Gestatten Sie mir, einen kurzen Rückblick auf das Leben von Erna Reitmeyer:

Erna wurde vor fast 90 Jahren, am 12. April 1918 in Ober St. Veit geboren, der Geburtshelfer war ihr Vater, da die Hebamme nicht mehr zurecht kam. Das bezeugt, dass Erna Reitmeyer schon von Geburt an sehr selbständig war!

Im Alter von nur einem halben Jahr verlor Erna ihre Mutter durch die damals weltweite Lungeninfektion, die spanische Grippe. Ihr Vater heiratete nach zwei Jahren wieder und somit war für Erna wieder eine treu sorgende Mutter da.

Erna besuchte die Volks- und Hauptschule bei den Dominikanerinnen und machte hier auch einen 3-jährigen Fortbildungskurs. Dann wechselte sie in die Lehrerbildungsanstalt in der Kenyongasse und erwarb dort im Jahr 1936 die Befähigung zur Kindergärtnerin.

Erna war als Kindergärtnerin bei den Kindern sehr beliebt: Sie spielte und sang, bastelte und turnte mit ihnen und versuchte, die Kinder auf das Leben vorzubereiten.

Es kam das Jahr 1938: Erna trug immer ein Ketterl mit einem Kreuz um den Hals, sie erzählte den Kindern vom lieben Gott und betete auch mit den Kindern: Bald bekam sie Schwierigkeiten mit ihrer vorgesetzten Behörde: Erna wurde als Kindergärtnerin entlassen und in eine Kartenstelle versetzt. Doch ihre Augen waren für diese Büroarbeit zu schwach.

Daraufhin kam sie in eine Fabrik: Sie arbeitete in der Rohrbacher-Fabrik als Schlosser-Gehilfin und nähte Plachen für Lastautos.

In unserer Pfarre Ober St. Veit waren während des Krieges in der verdunkelten Sakristei jede Woche Jugendstunden mit den Kaplänen. Erna war immer dabei!

Ihr Bruder Günter fiel im Rußlandfeldzug. Der Krieg ging Gott-sei-Dank im Jahr 1945 zu Ende, ihr Vater und der zweite Bruder kamen aus dem Krieg, der Wiederaufbau in Wien und Österreich begann.

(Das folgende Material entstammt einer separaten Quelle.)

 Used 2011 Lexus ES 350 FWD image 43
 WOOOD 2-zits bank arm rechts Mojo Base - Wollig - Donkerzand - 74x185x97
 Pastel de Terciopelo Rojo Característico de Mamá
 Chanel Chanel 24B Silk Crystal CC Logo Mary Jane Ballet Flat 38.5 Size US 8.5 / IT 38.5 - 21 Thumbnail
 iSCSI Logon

Beruflich war Erna Reitmeyer nun im städtischen Kindergarten in Ober St. Veit, wo sie bis zu ihrer Pensionierung im Jahr 1977 blieb. Sie war natürlich auch hier bei den Kindern als Tante Erna sehr beliebt!

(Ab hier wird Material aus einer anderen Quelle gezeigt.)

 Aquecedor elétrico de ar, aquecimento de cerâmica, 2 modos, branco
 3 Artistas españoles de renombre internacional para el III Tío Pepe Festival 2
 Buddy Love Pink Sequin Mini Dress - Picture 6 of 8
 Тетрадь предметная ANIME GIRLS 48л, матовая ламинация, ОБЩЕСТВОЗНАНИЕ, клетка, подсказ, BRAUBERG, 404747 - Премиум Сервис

Besonders aktiv war sie in unserer Pfarre Ober St. Veit. Sie spielte Theater in der Katholischen Jugend und in der Marianischen Kongregation, sie entwarf und nähte die Kostüme und führte auch manchmal Regie. Manche erinnern sich vielleicht noch an die wunderbaren Aufführungen im Theatersaal in der Vitusgasse oder später im Theatersaal in der Wittegasse in Unter St. Veit.

Erna war bei allen Festen mit dabei, putzte und wusch, wenn es notwendig war und half oft auch in der Kirche beim Putzen. Sie organisierte in der Pfarre ein wöchentliches Kinderbasteln mit Dutzenden Kindern und kaufte dafür auch einen elektrischen Brennofen. Sie half beim Flohmarkt und beim Weihnachtsmarkt in Ober St. Veit.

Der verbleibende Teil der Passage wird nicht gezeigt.